Exercise objective
Verbatim, and with nothing else, reproduce the data below from its first line through the line containing "ocregister. com Targeting".

━━━━━ The data

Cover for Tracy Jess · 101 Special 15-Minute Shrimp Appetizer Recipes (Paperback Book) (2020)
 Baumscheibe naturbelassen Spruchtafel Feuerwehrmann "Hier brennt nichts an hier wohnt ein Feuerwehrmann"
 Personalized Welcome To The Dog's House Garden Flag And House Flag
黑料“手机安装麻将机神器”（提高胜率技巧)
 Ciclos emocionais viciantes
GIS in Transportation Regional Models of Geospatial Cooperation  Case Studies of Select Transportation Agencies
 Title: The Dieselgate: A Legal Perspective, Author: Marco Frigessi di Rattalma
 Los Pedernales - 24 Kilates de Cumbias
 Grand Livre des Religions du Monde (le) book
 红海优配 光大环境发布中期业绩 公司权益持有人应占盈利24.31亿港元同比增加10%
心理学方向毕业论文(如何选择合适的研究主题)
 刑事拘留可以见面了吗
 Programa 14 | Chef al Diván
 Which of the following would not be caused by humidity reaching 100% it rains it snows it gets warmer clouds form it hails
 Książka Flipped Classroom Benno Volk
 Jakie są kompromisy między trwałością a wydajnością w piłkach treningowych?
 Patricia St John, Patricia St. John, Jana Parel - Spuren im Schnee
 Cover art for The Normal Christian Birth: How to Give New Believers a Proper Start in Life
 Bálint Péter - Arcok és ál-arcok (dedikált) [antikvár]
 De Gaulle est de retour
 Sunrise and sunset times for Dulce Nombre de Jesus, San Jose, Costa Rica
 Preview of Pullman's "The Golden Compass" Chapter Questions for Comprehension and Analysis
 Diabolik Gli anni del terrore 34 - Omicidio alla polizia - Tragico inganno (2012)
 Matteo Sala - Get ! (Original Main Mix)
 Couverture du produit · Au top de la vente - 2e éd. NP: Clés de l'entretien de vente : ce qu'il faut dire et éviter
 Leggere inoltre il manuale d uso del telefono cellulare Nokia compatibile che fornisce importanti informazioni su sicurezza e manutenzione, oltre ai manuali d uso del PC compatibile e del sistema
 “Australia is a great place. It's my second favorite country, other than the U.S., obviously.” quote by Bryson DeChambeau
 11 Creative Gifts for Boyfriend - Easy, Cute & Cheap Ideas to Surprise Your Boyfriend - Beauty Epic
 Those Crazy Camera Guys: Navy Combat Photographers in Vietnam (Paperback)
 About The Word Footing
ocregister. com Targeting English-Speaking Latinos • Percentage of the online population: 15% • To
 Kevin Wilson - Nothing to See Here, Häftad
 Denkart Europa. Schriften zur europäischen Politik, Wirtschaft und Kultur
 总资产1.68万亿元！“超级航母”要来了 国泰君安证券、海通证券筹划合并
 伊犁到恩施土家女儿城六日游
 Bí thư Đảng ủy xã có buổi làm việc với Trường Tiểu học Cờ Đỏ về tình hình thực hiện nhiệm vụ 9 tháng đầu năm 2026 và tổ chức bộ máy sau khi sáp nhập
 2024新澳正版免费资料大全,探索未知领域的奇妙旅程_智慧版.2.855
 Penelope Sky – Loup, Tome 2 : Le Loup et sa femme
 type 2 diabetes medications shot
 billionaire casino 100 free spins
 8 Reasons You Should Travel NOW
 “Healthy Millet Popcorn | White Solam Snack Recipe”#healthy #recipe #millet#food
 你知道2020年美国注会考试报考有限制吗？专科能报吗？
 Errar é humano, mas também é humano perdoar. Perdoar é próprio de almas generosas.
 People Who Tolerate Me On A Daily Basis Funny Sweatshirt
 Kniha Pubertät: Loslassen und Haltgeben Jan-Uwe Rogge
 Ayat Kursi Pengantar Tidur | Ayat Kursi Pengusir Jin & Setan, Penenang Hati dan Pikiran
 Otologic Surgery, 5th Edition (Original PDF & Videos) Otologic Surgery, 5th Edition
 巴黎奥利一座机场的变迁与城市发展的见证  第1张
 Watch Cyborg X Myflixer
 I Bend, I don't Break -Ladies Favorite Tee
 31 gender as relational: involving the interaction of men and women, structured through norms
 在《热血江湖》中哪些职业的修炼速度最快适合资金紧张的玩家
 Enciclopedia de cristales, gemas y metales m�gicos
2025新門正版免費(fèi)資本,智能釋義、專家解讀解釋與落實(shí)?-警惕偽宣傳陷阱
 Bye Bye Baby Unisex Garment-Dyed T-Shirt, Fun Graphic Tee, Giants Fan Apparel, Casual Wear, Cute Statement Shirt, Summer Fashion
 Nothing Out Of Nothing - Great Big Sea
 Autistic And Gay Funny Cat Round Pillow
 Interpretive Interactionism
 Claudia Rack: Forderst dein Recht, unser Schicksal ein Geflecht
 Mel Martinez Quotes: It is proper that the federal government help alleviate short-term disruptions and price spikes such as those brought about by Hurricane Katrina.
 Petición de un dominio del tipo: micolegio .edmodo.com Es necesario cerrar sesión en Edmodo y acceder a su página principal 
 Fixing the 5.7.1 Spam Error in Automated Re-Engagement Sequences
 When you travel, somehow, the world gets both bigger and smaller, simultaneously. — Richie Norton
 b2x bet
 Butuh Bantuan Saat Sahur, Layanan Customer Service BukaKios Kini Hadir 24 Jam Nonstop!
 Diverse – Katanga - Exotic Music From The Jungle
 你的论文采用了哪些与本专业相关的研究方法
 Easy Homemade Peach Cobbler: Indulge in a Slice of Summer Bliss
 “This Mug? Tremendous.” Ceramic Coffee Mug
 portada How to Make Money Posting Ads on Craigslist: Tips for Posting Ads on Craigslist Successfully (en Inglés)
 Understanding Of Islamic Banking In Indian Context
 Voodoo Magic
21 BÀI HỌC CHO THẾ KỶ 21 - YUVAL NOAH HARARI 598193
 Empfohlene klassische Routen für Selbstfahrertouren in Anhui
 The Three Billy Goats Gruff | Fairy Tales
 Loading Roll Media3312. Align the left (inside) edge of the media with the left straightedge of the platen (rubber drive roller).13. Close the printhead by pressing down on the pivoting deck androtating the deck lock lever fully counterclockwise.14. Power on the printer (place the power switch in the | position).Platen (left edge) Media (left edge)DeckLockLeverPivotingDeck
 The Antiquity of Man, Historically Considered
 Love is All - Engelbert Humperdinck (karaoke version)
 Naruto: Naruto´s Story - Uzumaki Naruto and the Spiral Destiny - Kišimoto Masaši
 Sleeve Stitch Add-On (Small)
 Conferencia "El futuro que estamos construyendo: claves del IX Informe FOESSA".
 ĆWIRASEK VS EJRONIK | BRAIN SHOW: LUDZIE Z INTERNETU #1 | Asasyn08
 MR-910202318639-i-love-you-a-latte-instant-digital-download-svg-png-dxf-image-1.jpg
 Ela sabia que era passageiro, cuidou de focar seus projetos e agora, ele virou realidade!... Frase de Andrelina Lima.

━━━━━━━━━━

Reply to the task
Cover for Tracy Jess · 101 Special 15-Minute Shrimp Appetizer Recipes (Paperback Book) (2020)
 Baumscheibe naturbelassen Spruchtafel Feuerwehrmann "Hier brennt nichts an hier wohnt ein Feuerwehrmann"
 Personalized Welcome To The Dog's House Garden Flag And House Flag
黑料“手机安装麻将机神器”（提高胜率技巧)
 Ciclos emocionais viciantes
GIS in Transportation Regional Models of Geospatial Cooperation  Case Studies of Select Transportation Agencies
 Title: The Dieselgate: A Legal Perspective, Author: Marco Frigessi di Rattalma
 Los Pedernales - 24 Kilates de Cumbias
 Grand Livre des Religions du Monde (le) book
 红海优配 光大环境发布中期业绩 公司权益持有人应占盈利24.31亿港元同比增加10%
心理学方向毕业论文(如何选择合适的研究主题)
 刑事拘留可以见面了吗
 Programa 14 | Chef al Diván
 Which of the following would not be caused by humidity reaching 100% it rains it snows it gets warmer clouds form it hails
 Książka Flipped Classroom Benno Volk
 Jakie są kompromisy między trwałością a wydajnością w piłkach treningowych?
 Patricia St John, Patricia St. John, Jana Parel - Spuren im Schnee
 Cover art for The Normal Christian Birth: How to Give New Believers a Proper Start in Life
 Bálint Péter - Arcok és ál-arcok (dedikált) [antikvár]
 De Gaulle est de retour
 Sunrise and sunset times for Dulce Nombre de Jesus, San Jose, Costa Rica
 Preview of Pullman's "The Golden Compass" Chapter Questions for Comprehension and Analysis
 Diabolik Gli anni del terrore 34 - Omicidio alla polizia - Tragico inganno (2012)
 Matteo Sala - Get ! (Original Main Mix)
 Couverture du produit · Au top de la vente - 2e éd. NP: Clés de l'entretien de vente : ce qu'il faut dire et éviter
 Leggere inoltre il manuale d uso del telefono cellulare Nokia compatibile che fornisce importanti informazioni su sicurezza e manutenzione, oltre ai manuali d uso del PC compatibile e del sistema
 “Australia is a great place. It's my second favorite country, other than the U.S., obviously.” quote by Bryson DeChambeau
 11 Creative Gifts for Boyfriend - Easy, Cute & Cheap Ideas to Surprise Your Boyfriend - Beauty Epic
 Those Crazy Camera Guys: Navy Combat Photographers in Vietnam (Paperback)
 About The Word Footing
ocregister. com Targeting English-Speaking Latinos • Percentage of the online population: 15% • To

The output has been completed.